Opened 6 months ago

Last modified 5 months ago

#33871 needs_review defect

Scale exactly as torflow does?

Reported by: juga Owned by: juga
Priority: Medium Milestone: sbws: 1.1.x-final
Component: Core Tor/sbws Version:
Severity: Normal Keywords: sbws-majority-blocker, sbws-roadmap
Cc: juga, gk, mikeperry Actual Points:
Parent ID: #33775 Points:
Reviewer: ahf, gk Sponsor:

Description

#33775 shows that if sbws calculates low consensus bandwidth because of missing descriptors and the rest of bwauths are also using sbws, it'd enter in a spiral in which it'd keep measuring low.
I think this is because while torflow multiplies the calculated ratio by the descriptor observed bandwidth [0], while sbws multiplies the ratio by the minimum of all descriptor bandwidth values *and* the consensus, which was added in #28598.
So maybe the new consensus bandwidth should not depend on the previous one, or not as the minimum.
For a relation on how bandwidth values depend on each other, see [1]

[0] https://onbasca.readthedocs.io/en/latest/torflow_aggr.html
[1] https://onbasca.readthedocs.io/en/latest/bandwidth_tor.html#bandwidth-values-origin

Child Tickets

Change History (24)

comment:1 Changed 6 months ago by arma

Agreed: it seems that anchoring the new number to the current consensus number doesn't let things grow.

That said, this one is still a bit confusing/weird. How come Torflow's number can grow a lot but sbws's can't? Is it only because the underlying descriptor says a larger number? But that only happens if the relay gets actual traffic. And how does it do that when it has a tiny consensus weight? Which...oh, maybe it gets actual traffic *because* of the torflow tests. So by testing it, it becomes bigger, and then our ratio makes it become bigger still.

comment:2 Changed 6 months ago by teor

There's a related bug here, that might only show up when the last Torflow instance leaves the network.

The target download time is 6 seconds. Tor's download measurement time is 10 seconds. So on average, sbws will only be using 6/10 of a relay's capacity over any 10 second period.
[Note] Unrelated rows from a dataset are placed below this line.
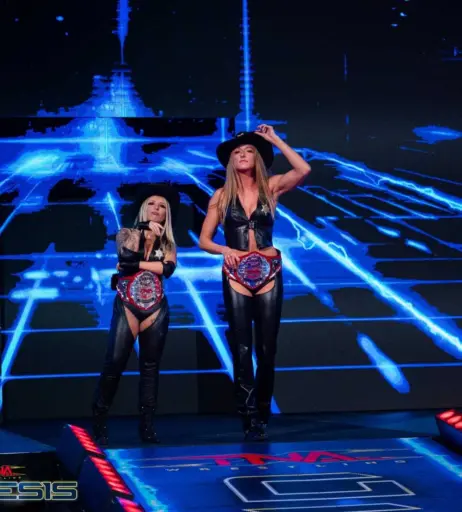 Image 23666750 from Women of Professional Wrestling
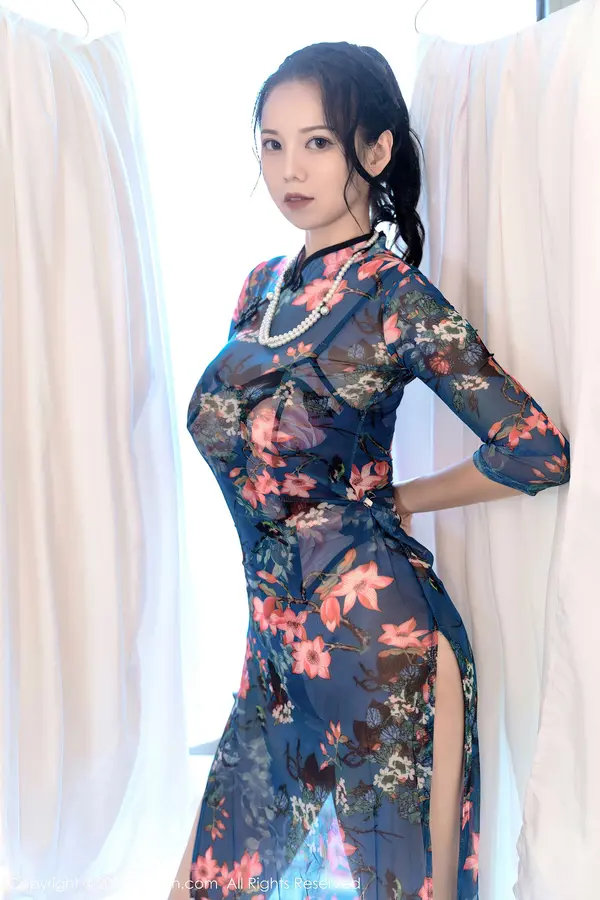 Vol. 05819 大美妞儿(65P)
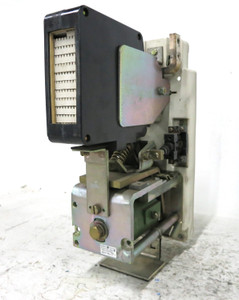 GE 7A01LXA003XT 900A DC Contactor 600V 120 VDC Coil DS303A 900 Amp (EBI1757-3)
I suggest that we make the average sbws download time at least 10 seconds, to avoid this issue.

comment:3 Changed 6 months ago by teor

(Relays could also do their own bandwidth self-tests, But they aren't large enough right now. And we probably shouldn't rely on them.)

comment:4 in reply to:  2 Changed 6 months ago by juga

Replying to teor:

There's a related bug here, that might only show up when the last Torflow instance leaves the network.

The target download time is 6 seconds. Tor's download measurement time is 10 seconds. So on average, sbws will only be using 6/10 of a relay's capacity over any 10 second period.

I suggest that we make the average sbws download time at least 10 seconds, to avoid this issue.

Which is similar to ticket #28545 (with 11 seconds).

If understood correctly the way that Torflow calculates the new consensus banwdwidth [0] (and might be worth someone double check), the measured bandwidth influences very "little" on the new bandwidth (which i've try to say some times).
So i think, that changing the download time have less impact on the new calculated bandwidth than the consensus/descriptor previous bandwidth values.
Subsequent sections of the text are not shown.